Rev. Anselm Bayly (1719 – 14 October 1794) was an English churchman and author of various works, chiefly of a theological and critical nature. He was also a singer and musical theorist, associated with the performance of works by George Frideric Handel.

==Biography==
Bayly was educated at Christ Church, Oxford, where he took the degree of B.C.L. on 12 June 1749, at age 21. He entered the church and rose to some distinction in that profession, becoming minor canon of St Paul's Cathedral and also of Westminster, and sub-dean of the Chapel Royal. On 15 January 1750–51 he was presented by the chapter of St Paul's to the vicarage of Tottenham, Middlesex.

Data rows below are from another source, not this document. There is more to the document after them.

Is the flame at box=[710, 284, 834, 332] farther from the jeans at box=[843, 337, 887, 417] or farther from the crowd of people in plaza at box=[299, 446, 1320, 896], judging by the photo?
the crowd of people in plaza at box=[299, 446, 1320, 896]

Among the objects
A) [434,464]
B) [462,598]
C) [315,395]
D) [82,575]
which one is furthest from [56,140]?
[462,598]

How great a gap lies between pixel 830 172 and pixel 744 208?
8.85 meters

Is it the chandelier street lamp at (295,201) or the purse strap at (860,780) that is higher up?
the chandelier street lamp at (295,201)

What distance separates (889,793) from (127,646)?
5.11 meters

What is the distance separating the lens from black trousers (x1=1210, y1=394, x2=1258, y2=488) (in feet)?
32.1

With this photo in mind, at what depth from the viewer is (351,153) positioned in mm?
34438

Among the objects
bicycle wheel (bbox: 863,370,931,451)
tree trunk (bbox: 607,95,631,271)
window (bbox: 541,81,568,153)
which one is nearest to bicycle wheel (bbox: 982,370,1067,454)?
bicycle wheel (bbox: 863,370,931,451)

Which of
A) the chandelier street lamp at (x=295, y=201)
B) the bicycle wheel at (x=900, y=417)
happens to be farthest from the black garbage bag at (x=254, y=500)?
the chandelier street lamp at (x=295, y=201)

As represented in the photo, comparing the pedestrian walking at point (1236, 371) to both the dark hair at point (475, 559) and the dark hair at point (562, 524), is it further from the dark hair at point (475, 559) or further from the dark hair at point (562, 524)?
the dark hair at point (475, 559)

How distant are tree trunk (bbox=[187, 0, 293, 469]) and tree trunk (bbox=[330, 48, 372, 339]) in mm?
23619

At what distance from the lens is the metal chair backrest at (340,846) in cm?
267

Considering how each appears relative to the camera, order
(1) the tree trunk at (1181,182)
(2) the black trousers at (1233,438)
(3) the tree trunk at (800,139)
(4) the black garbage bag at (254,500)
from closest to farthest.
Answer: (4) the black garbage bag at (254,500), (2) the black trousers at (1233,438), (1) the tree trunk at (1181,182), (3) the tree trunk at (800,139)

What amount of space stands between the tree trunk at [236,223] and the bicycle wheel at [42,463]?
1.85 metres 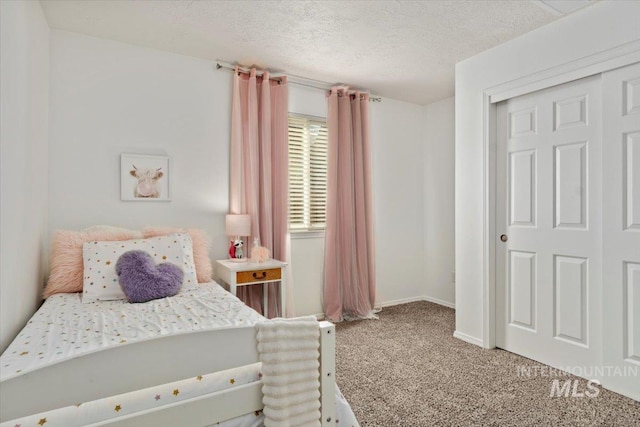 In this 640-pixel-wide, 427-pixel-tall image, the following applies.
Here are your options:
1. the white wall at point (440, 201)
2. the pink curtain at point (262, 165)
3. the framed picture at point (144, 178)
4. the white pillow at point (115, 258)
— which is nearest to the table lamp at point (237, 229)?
the pink curtain at point (262, 165)

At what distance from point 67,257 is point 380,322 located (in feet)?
9.06

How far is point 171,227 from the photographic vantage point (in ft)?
9.76

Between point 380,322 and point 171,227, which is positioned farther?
point 380,322

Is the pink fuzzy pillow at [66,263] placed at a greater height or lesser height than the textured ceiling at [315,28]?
lesser

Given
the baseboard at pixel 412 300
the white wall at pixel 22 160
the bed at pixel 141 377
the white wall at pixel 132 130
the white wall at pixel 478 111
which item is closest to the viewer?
the bed at pixel 141 377

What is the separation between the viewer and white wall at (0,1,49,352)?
1591 millimetres

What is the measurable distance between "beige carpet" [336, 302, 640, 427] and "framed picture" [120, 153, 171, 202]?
2019 mm

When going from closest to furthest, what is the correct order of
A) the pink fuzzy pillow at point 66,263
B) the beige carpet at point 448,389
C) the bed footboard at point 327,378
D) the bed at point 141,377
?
the bed at point 141,377 < the bed footboard at point 327,378 < the beige carpet at point 448,389 < the pink fuzzy pillow at point 66,263

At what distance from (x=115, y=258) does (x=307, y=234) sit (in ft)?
6.15

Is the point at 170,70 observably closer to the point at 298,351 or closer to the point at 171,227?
the point at 171,227

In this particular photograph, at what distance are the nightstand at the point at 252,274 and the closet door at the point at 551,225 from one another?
183 centimetres

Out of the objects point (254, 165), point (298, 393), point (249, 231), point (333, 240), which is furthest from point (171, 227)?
point (298, 393)

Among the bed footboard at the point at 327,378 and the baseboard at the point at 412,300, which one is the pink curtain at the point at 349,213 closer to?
the baseboard at the point at 412,300

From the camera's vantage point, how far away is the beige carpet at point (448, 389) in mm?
1937
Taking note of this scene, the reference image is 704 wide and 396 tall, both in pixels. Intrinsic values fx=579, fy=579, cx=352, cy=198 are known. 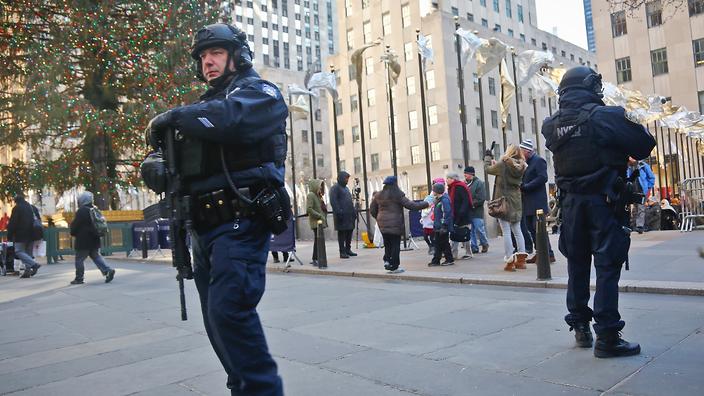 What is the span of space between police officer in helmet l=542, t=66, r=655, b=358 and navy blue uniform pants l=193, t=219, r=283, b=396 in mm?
2609

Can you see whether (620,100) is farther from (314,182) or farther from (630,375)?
(630,375)

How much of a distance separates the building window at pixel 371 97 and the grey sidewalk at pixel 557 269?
130ft

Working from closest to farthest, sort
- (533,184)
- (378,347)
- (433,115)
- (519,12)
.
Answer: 1. (378,347)
2. (533,184)
3. (433,115)
4. (519,12)

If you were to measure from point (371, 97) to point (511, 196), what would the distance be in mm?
44597

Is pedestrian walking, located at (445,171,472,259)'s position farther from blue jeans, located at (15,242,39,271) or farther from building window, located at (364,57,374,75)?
building window, located at (364,57,374,75)

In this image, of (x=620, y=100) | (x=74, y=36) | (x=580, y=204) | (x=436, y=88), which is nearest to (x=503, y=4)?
(x=436, y=88)

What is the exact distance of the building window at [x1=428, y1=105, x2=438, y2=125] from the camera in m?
47.6

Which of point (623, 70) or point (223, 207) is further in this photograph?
point (623, 70)

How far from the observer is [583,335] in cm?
438

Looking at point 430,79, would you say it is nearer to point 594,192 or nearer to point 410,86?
point 410,86

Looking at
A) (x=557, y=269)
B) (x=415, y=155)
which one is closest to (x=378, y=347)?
(x=557, y=269)

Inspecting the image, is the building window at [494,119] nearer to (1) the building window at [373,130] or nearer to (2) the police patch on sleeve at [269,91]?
(1) the building window at [373,130]

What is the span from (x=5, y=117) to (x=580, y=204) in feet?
67.4

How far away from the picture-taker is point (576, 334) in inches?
174
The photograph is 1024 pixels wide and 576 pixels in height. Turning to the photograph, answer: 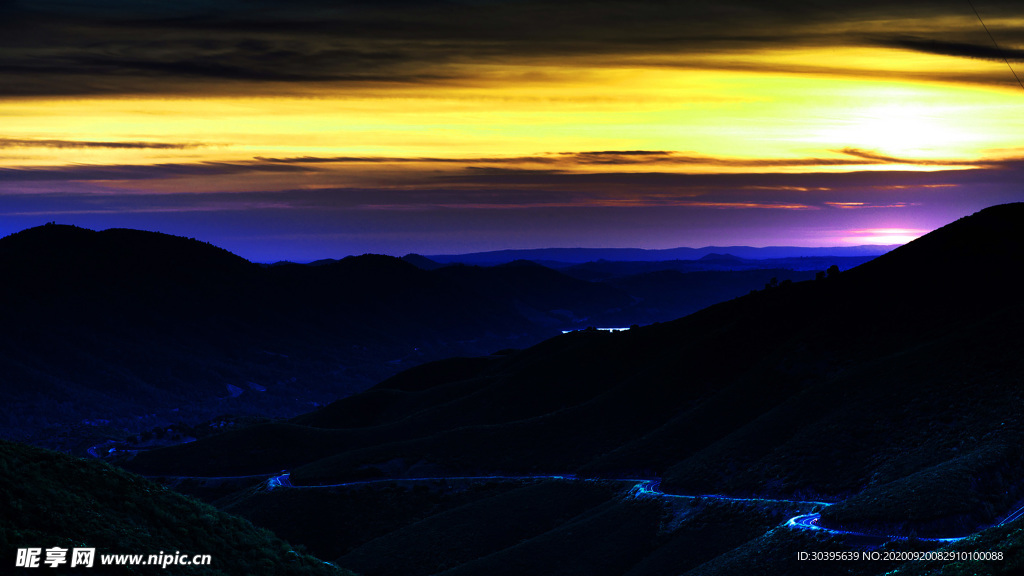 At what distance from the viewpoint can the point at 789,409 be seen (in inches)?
4498

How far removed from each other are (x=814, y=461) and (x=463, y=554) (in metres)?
38.9

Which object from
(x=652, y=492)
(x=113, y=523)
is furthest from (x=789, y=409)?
(x=113, y=523)

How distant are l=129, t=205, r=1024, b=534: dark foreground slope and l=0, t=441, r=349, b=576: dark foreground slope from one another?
45.8m

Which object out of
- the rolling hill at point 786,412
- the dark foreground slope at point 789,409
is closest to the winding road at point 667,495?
the rolling hill at point 786,412

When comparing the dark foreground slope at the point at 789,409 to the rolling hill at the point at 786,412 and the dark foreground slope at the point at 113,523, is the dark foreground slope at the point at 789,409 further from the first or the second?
the dark foreground slope at the point at 113,523

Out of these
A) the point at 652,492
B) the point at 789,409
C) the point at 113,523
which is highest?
the point at 789,409

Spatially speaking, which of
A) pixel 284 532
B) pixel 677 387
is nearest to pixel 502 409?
pixel 677 387

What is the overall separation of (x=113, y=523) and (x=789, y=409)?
7838cm

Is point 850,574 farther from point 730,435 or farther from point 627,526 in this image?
point 730,435

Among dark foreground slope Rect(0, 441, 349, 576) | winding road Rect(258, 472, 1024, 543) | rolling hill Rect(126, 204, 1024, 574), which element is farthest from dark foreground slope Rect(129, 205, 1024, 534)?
dark foreground slope Rect(0, 441, 349, 576)

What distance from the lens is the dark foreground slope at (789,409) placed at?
89062 millimetres

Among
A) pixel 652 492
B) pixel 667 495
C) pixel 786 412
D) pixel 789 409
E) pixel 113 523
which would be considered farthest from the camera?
pixel 789 409

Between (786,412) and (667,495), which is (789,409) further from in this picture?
(667,495)

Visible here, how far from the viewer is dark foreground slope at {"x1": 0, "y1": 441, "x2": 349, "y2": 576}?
55.9 meters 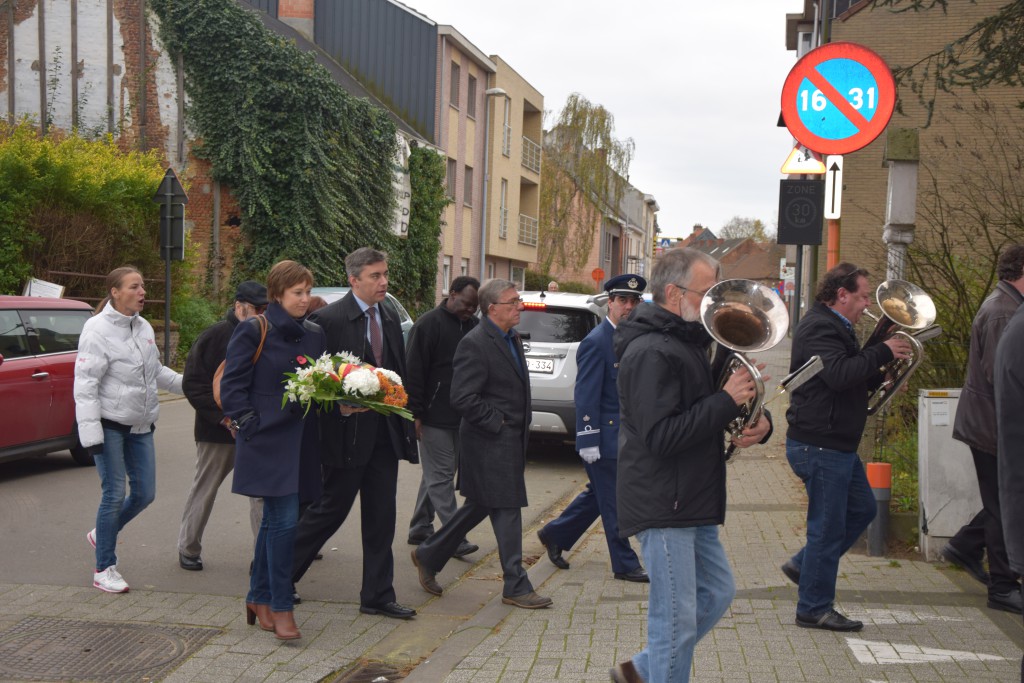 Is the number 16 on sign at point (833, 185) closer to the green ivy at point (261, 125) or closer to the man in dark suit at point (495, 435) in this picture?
the man in dark suit at point (495, 435)

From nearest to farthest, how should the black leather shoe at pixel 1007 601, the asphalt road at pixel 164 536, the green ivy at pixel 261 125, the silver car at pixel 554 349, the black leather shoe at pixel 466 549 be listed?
1. the black leather shoe at pixel 1007 601
2. the asphalt road at pixel 164 536
3. the black leather shoe at pixel 466 549
4. the silver car at pixel 554 349
5. the green ivy at pixel 261 125

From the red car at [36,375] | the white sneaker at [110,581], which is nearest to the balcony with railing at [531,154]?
the red car at [36,375]

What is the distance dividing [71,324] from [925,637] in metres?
8.19

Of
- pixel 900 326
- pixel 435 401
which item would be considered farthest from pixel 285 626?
pixel 900 326

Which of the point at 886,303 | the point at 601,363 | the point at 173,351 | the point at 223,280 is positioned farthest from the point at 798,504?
the point at 223,280

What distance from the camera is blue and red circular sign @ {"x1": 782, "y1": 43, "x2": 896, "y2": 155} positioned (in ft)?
21.2

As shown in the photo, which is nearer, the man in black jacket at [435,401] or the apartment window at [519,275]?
the man in black jacket at [435,401]

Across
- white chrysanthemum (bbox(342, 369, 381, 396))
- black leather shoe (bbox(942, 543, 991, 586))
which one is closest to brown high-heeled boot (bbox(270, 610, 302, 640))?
white chrysanthemum (bbox(342, 369, 381, 396))

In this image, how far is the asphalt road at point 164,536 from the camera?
6.41 meters

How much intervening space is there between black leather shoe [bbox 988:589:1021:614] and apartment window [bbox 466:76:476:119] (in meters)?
34.6

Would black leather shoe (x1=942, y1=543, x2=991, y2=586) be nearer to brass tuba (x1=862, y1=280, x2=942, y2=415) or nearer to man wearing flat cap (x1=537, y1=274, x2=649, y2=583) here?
brass tuba (x1=862, y1=280, x2=942, y2=415)

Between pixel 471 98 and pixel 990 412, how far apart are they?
3519cm

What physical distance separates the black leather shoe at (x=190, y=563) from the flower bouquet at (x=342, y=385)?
6.36 feet

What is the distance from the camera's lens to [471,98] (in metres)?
39.3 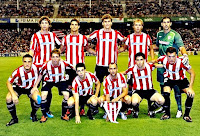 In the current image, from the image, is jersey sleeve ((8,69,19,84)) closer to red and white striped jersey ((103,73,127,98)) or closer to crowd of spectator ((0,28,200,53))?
red and white striped jersey ((103,73,127,98))

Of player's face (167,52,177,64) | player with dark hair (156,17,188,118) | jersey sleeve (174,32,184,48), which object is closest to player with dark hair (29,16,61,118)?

On 10 July 1764, he took the degree of D.C.L. In 1787 he patented an elastic girdle, designed to prevent and relieve ruptures, fractures, and swellings. He died in 1794.

==Works==
- The Antiquity, Evidence, and Certainty of Christianity, London, 1751.
- An Introduction to Languages Literary and Philosophical, especially to the English, Latin, Greek, and Hebrew, exhibiting at one view their Grammar, Rationale, Analogy, and Idiom, London, 1758.
- A Collection of Anthems used in His Majesty's Chapel Royal, London, 1769.
- A Practical Treatise on Singing and Playing, being an Essay on Grammar, Pronunciation, and Singing. London, 1771.
- A plain and complete Grammar of the English Language, London, 1772.
- A Grammar of the Hebrew Language, London, 1773.
- An edition of the Bible with notes, 1773.
- An edition of the Old Testament with notes, 1774.
- The Commandments of God in Nature, Institution, and Revelation, London, 1778.
- Remarks on Mr. David Levi's Answer to Dr. Priestley's Letters to the Jews, (under the pseudonym of Antisocinus). Against Joseph Priestley.
- The Alliance of Music, Poetry, and Oratory, with a dedication to William Pitt the Elder, London, 1789. This work comprises: (1) a theory of music, (2) a dissertation on prosody, (3) a brief treatise on rhetoric.